### EXERCISE
Taking the line with "Herend Rothschild Bird" as the first and the line with "new 2025 Chevrolet" as the last, set down the lines below exactly, pictures excluded.

### ENTRIES SHOWN
Segment Open

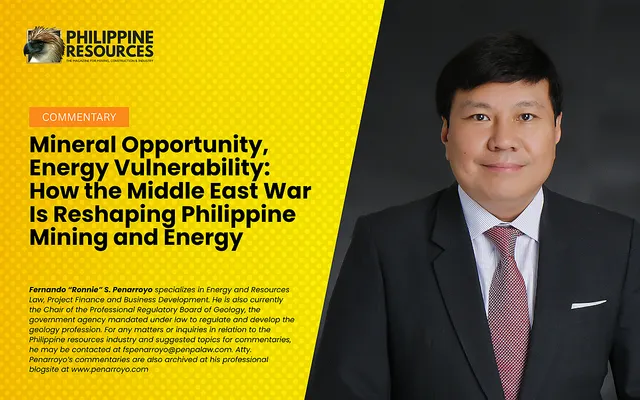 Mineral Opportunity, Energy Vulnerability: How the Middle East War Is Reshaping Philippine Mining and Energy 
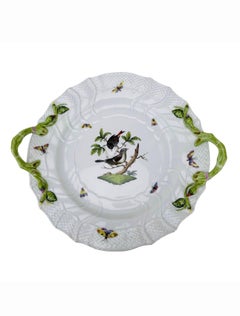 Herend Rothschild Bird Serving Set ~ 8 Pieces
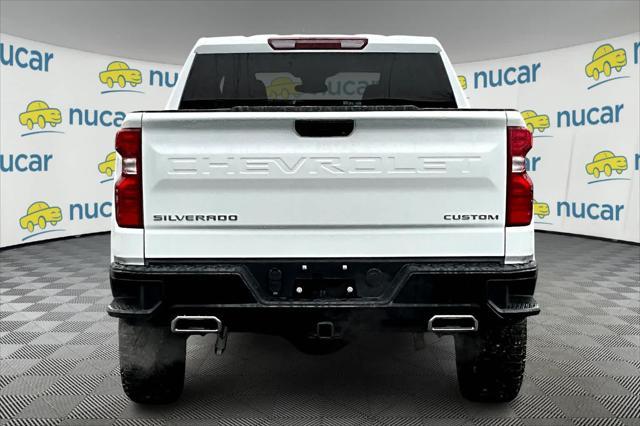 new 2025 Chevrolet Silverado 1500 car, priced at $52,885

Segment Closed
Segment Open

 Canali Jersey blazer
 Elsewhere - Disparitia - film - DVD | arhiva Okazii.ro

Segment Closed

### ANSWER FOR THIS EXERCISE
 Herend Rothschild Bird Serving Set ~ 8 Pieces
 new 2025 Chevrolet Silverado 1500 car, priced at $52,885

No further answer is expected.